Required work –
Below are some records; quote exactly the lines from the one that contains "Dr. Teal's Vitamin" through the one that contains "Fossil Scarlette Stainless", inclusive, and no others.

Working data –

+ + + + +

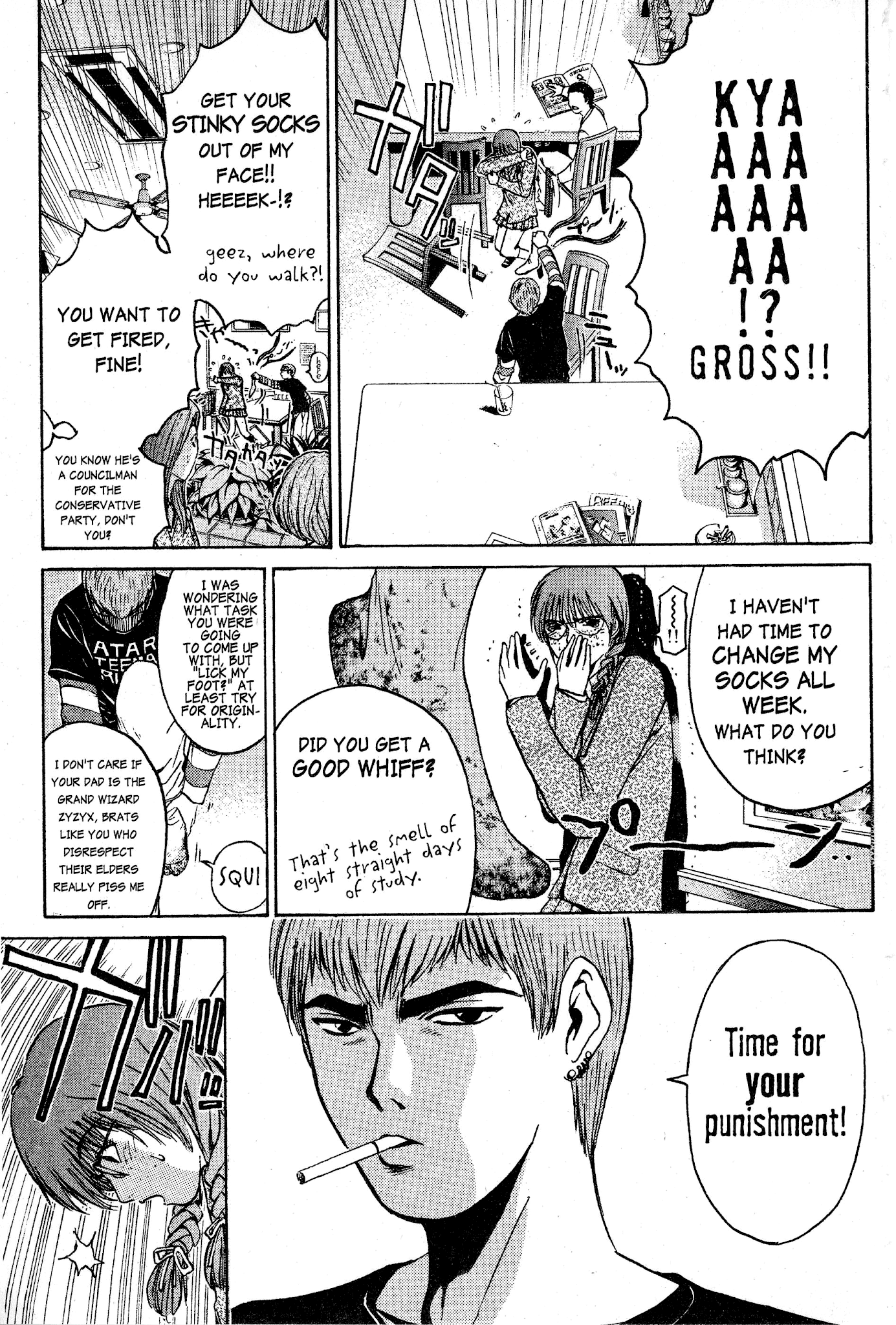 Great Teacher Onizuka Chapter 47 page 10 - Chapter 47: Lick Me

+ + + + +

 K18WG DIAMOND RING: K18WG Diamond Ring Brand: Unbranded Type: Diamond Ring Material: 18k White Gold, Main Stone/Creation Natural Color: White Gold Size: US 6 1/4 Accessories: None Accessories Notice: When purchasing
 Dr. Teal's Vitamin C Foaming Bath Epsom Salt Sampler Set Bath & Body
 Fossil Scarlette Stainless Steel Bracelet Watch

+ + + + +

Response to the task –
 Dr. Teal's Vitamin C Foaming Bath Epsom Salt Sampler Set Bath & Body
 Fossil Scarlette Stainless Steel Bracelet Watch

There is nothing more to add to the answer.